A mistake by an operator can affect the good functioning of a machine or even damage it permanently. We asked ourselves how innovation can counter this and optimise the production phase.

Not long ago I was in a town by the sea as a guest at a friend’s whose grandfather is one of the few active fishermen in that town.

Vincenzo is 82 years old and still going out to sea. Not every morning, though – he gives in with a little embarrassment.

Vincenzo, the last fisherman of his hometown.

I meet him in the veranda where he is sitting mending a net.

I am in awe in front of this white-haired, curved and very trim man who is still busy with the same activity he was carrying out 40 years ago, the thing he’s been doing all his life: mending the nets.

I congratulate him: only a seaman can keep that strong. He laughs. He says that it is more difficult now, what with old age, reduced eyesight and the humidity that has gone into the bones.

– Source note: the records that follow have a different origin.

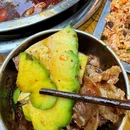 旺四海渣渣牛肉(龙湖时代天街店) - 重庆市旅游 缩略图 3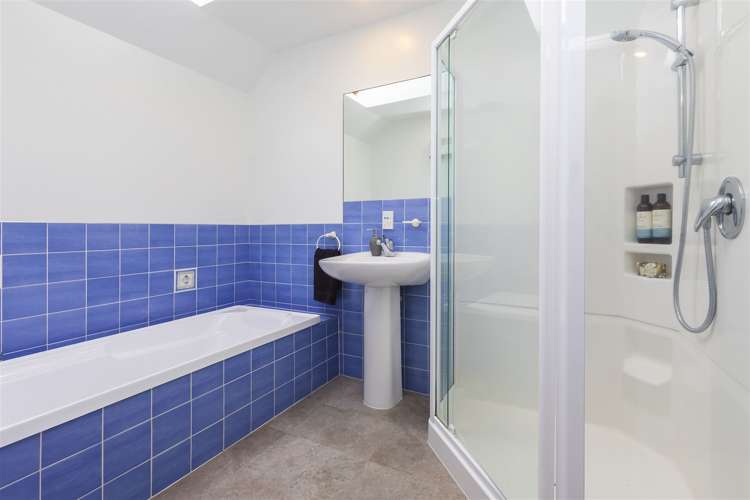 16 Ngahere Street Fendalton_20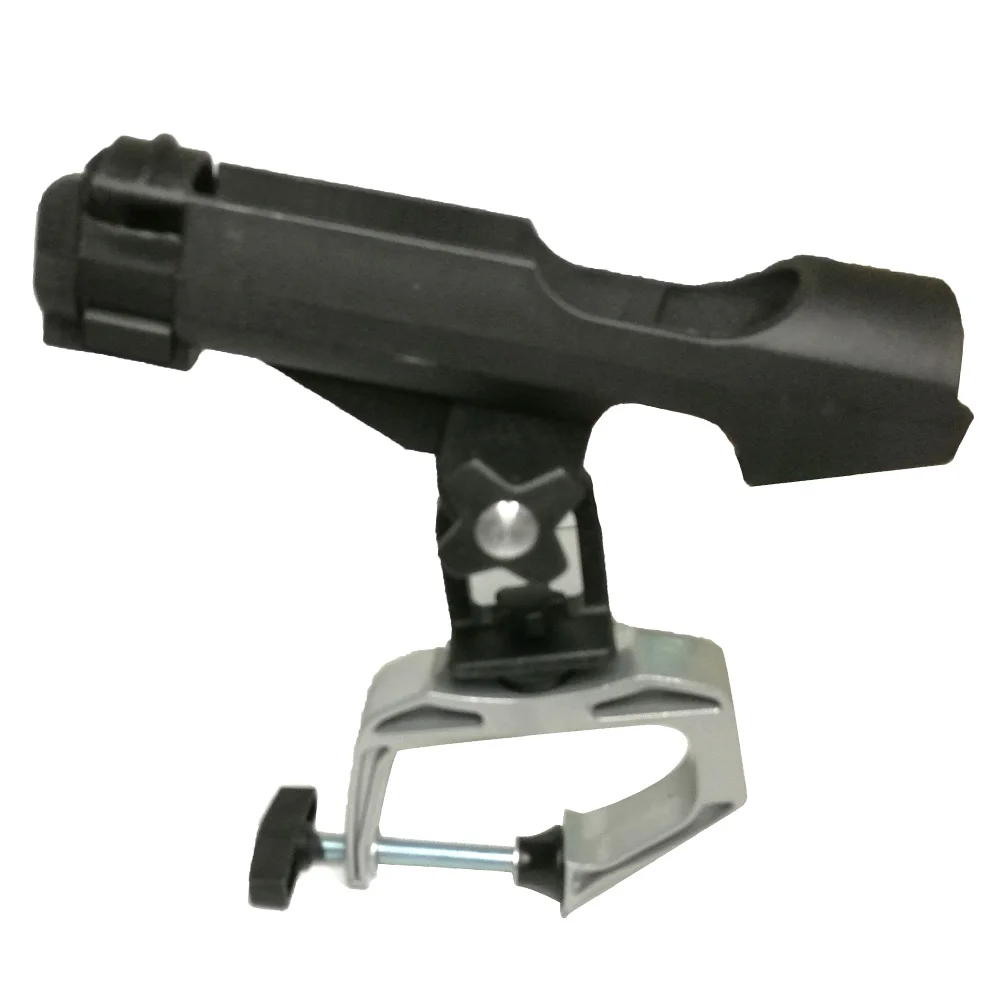 Fishing Boat Rods Holder 360 D - Fishing Equipment Holder recension och pris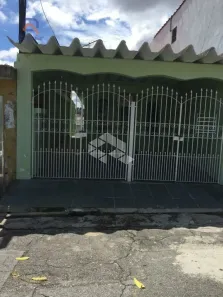 Casa com 3 Quartos à venda, 180m² no Parque Casa de Pedra, São Paulo
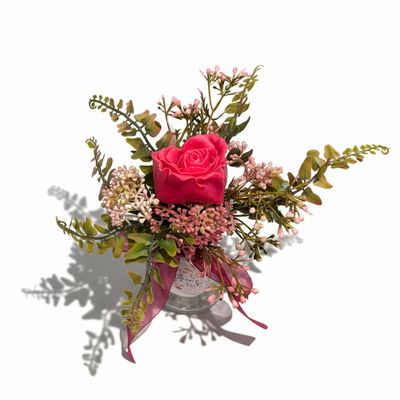 Sweetheart collection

Up until a few years ago, his brother used to go out to fish with him. They used to do everything together, so when it was calm, one could rest and the other one would guard the boat; if one had not seen a rip in the net, the other one would. The sea was less big together.

I am telling you about this because it has to do with our outlook at SAPA and I am sure that you have read about it before.

As you know, the automotive sector has changed a lot over the years. Maybe because of it being projected into the future (at the end of day, what’s a car if not an arrow projected forward?), but also due to consumers’ requirements, the automotive sector is one of the sectors where the drive towards change is most visible. I am talking about new materials, gadgets and of the car’s performances.

But I am also talking about the innovation that pertains us car makers, the innovation linked with production.

You will agree that the way a car is built today is much leaner than it was fifty years ago. If I think of Vincenzo and his net, I realise that in our sector only few finishings are still linked to the production model of the past, or maybe not even them.

Innovation was fundamental, and it still is, to optimise the production processes that determine delivery times and, therefore, all the other phases.

Thinking back to my experience, I can see that SAPA made process optimisation to one of its main strengths: The One-Shot® Method, which is patented pending and is the world’s fastest method to produce car parts, rests precisely on the reduction of the number of phases.  At the heart of this method is the simplification of the production chain: if we can eliminate even just one phase in comparison with the traditional method, then we can already talk of “One-Shot® Method”. The crazy thing is that this method brought us results that, believe me, were unimaginable for me at the beginning.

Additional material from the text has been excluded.